MartaLovers
Las Letras de: Año Sabático
- Tema VI. SANT MATEO
… y llegó un nuevo agosto… había transcurrido un año, desde el inicio del viaje al desierto de Almería. Allí en la Sierra de los Filabres, viví silenciosamente durante sesenta días y 60 noches… después seguí andando hasta Cabo de Gata y a orilla del mar, bailé al ritmo de las olas. Pasé las Navidades con la Familia y al nuevo año, volé a La Gomera… en los bosques del Garajonay, los fuertes vientos atlánticos despertaron y elevaron mis sueños al cielo. A los tres meses, ya en primavera, me trasladé a Vall de Nuria… en las altas montañas pirenaicas, recibí el impacto visual, sonoro y emocional, de las tormentas de rayos y truenos, que allí se desencadenan, durante aquella época del año.
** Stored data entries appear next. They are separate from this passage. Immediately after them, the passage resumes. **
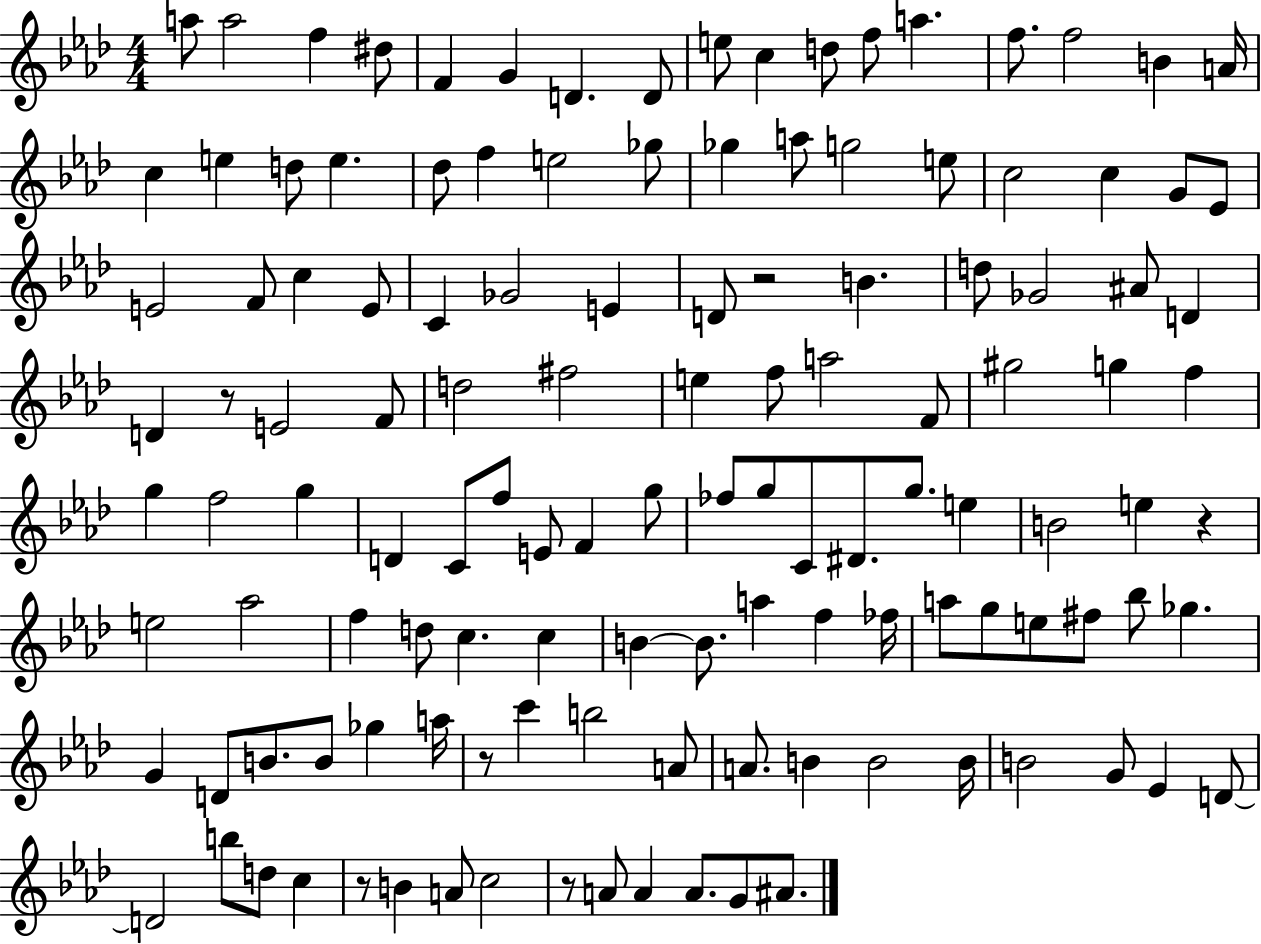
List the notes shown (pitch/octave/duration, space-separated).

A5/e A5/h F5/q D#5/e F4/q G4/q D4/q. D4/e E5/e C5/q D5/e F5/e A5/q. F5/e. F5/h B4/q A4/s C5/q E5/q D5/e E5/q. Db5/e F5/q E5/h Gb5/e Gb5/q A5/e G5/h E5/e C5/h C5/q G4/e Eb4/e E4/h F4/e C5/q E4/e C4/q Gb4/h E4/q D4/e R/h B4/q. D5/e Gb4/h A#4/e D4/q D4/q R/e E4/h F4/e D5/h F#5/h E5/q F5/e A5/h F4/e G#5/h G5/q F5/q G5/q F5/h G5/q D4/q C4/e F5/e E4/e F4/q G5/e FES5/e G5/e C4/e D#4/e. G5/e. E5/q B4/h E5/q R/q E5/h Ab5/h F5/q D5/e C5/q. C5/q B4/q B4/e. A5/q F5/q FES5/s A5/e G5/e E5/e F#5/e Bb5/e Gb5/q. G4/q D4/e B4/e. B4/e Gb5/q A5/s R/e C6/q B5/h A4/e A4/e. B4/q B4/h B4/s B4/h G4/e Eb4/q D4/e D4/h B5/e D5/e C5/q R/e B4/q A4/e C5/h R/e A4/e A4/q A4/e. G4/e A#4/e. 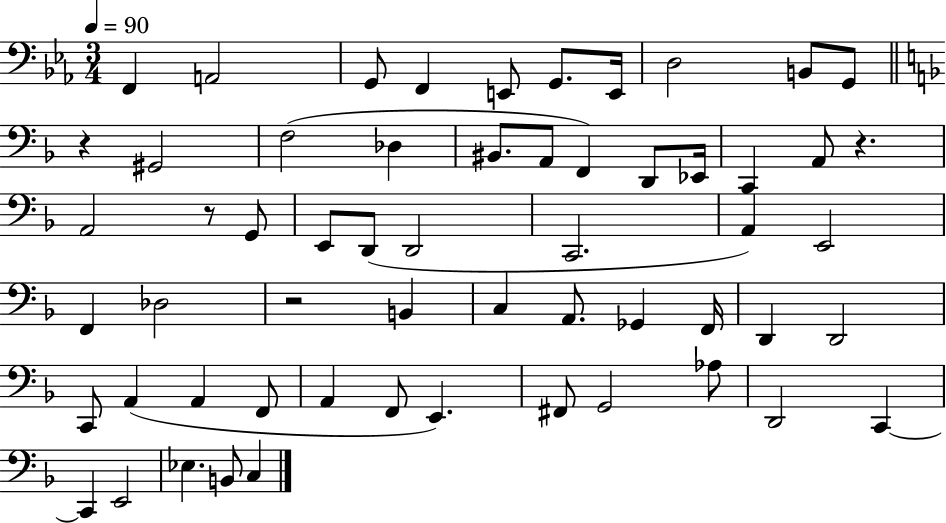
{
  \clef bass
  \numericTimeSignature
  \time 3/4
  \key ees \major
  \tempo 4 = 90
  \repeat volta 2 { f,4 a,2 | g,8 f,4 e,8 g,8. e,16 | d2 b,8 g,8 | \bar "||" \break \key d \minor r4 gis,2 | f2( des4 | bis,8. a,8 f,4) d,8 ees,16 | c,4 a,8 r4. | \break a,2 r8 g,8 | e,8 d,8( d,2 | c,2. | a,4) e,2 | \break f,4 des2 | r2 b,4 | c4 a,8. ges,4 f,16 | d,4 d,2 | \break c,8 a,4( a,4 f,8 | a,4 f,8 e,4.) | fis,8 g,2 aes8 | d,2 c,4~~ | \break c,4 e,2 | ees4. b,8 c4 | } \bar "|."
} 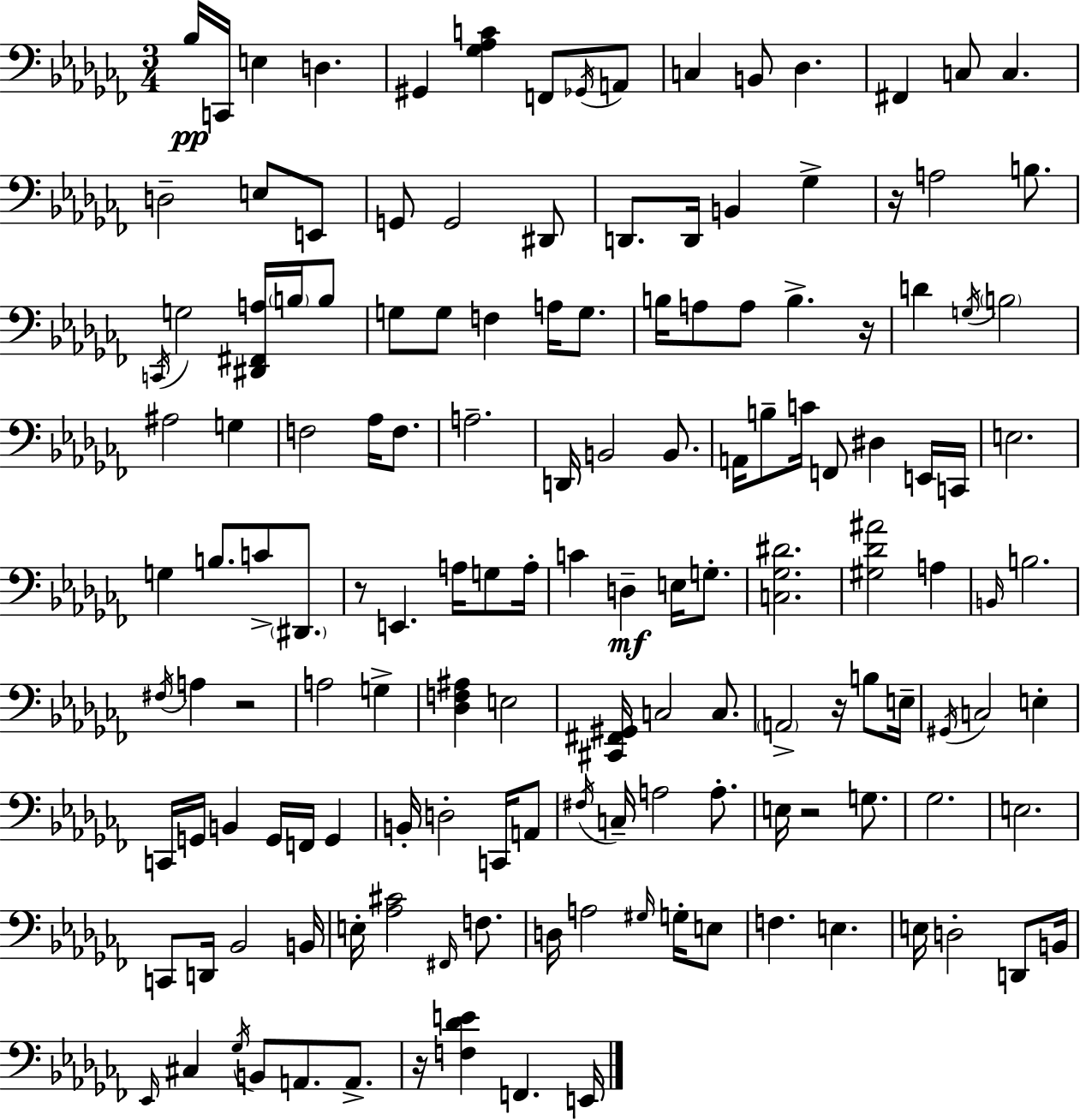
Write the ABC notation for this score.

X:1
T:Untitled
M:3/4
L:1/4
K:Abm
_B,/4 C,,/4 E, D, ^G,, [_G,_A,C] F,,/2 _G,,/4 A,,/2 C, B,,/2 _D, ^F,, C,/2 C, D,2 E,/2 E,,/2 G,,/2 G,,2 ^D,,/2 D,,/2 D,,/4 B,, _G, z/4 A,2 B,/2 C,,/4 G,2 [^D,,^F,,A,]/4 B,/4 B,/2 G,/2 G,/2 F, A,/4 G,/2 B,/4 A,/2 A,/2 B, z/4 D G,/4 B,2 ^A,2 G, F,2 _A,/4 F,/2 A,2 D,,/4 B,,2 B,,/2 A,,/4 B,/2 C/4 F,,/2 ^D, E,,/4 C,,/4 E,2 G, B,/2 C/2 ^D,,/2 z/2 E,, A,/4 G,/2 A,/4 C D, E,/4 G,/2 [C,_G,^D]2 [^G,_D^A]2 A, B,,/4 B,2 ^F,/4 A, z2 A,2 G, [_D,F,^A,] E,2 [^C,,^F,,^G,,]/4 C,2 C,/2 A,,2 z/4 B,/2 E,/4 ^G,,/4 C,2 E, C,,/4 G,,/4 B,, G,,/4 F,,/4 G,, B,,/4 D,2 C,,/4 A,,/2 ^F,/4 C,/4 A,2 A,/2 E,/4 z2 G,/2 _G,2 E,2 C,,/2 D,,/4 _B,,2 B,,/4 E,/4 [_A,^C]2 ^F,,/4 F,/2 D,/4 A,2 ^G,/4 G,/4 E,/2 F, E, E,/4 D,2 D,,/2 B,,/4 _E,,/4 ^C, _G,/4 B,,/2 A,,/2 A,,/2 z/4 [F,_DE] F,, E,,/4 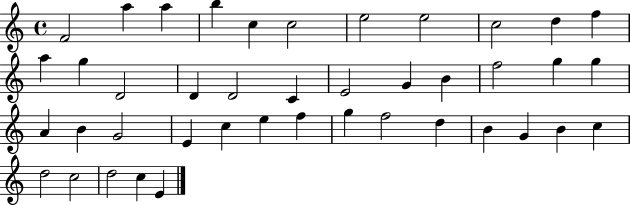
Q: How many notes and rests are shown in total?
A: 42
Finalmente, pasé cuatro semanas del mes de julio en El Miracle… en armonía, junto a seres queridos…
Un año sabático, he pasado yo en mi vida, un año dorado, en el cual volví a nacer.
Todo lo vivido está sembrado en mis entrañas, lo cuido con celo, sé que puede germinar…
Viví en el desierto, palpé la arena seca y anduve hasta la orilla del mar, que me meció.
Los vientos gomeros me abrieron la esperanza, que luego en Vall de Nuria, yo pude comprender… una vez me encontré en el bosque y yo sentí, que la fuerza y luz del rayo como en cinta, estaba en mí… conseguí descubrir, que la luz que habita en mí, tiene fuerza como el rayo y la puedo dirigir.
Desde la cima de la montaña de Sant Mateo, diviso Montserrat, el Montseny, el Vallés y a lo lejos; cumbres del Pirineo… doy media vuelta… el mar, inmenso y cercano, veo una parte del Maresme y Barcelona… debajo de mis pies… Premiá… mi pueblo.
Como si viniera de muy lejos, de un gran sol, donde el fuego impregna el alma y le da luz y color. Como si tuviera un arco y mil flechas de inyección, que al clavar en alguien, le descubra la verdad sobre el Amor.
Desde la cima, miro el pueblo en que nací, de más arriba, veo lo que ha de venir.
Debo la vida, al lugar que está ahora aquí, con todo el cuerpo y mi alma he de servir.
En el camino de vuelta a casa, vislumbré un sueño y canté felizmente.
Cuando hace un año, fui de viaje, con la esperanza de encontrarme con mi yo, ya me intuía, que no era fácil, pero el refuerzo de la Fe tenía yo.
Más, he pasado durante un tiempo, la vida sola y meditando en mi interior y la respuesta ha sido un Sueño, lleno de Amor, que recibí y me ha dado Dios.
Gracias por todo lo que se me ha ofrecido, lo he recibido con gozo en mi corazón.
Gracias a todos los que se han sentido unidos por un instante, en la verdad sobre el Amor.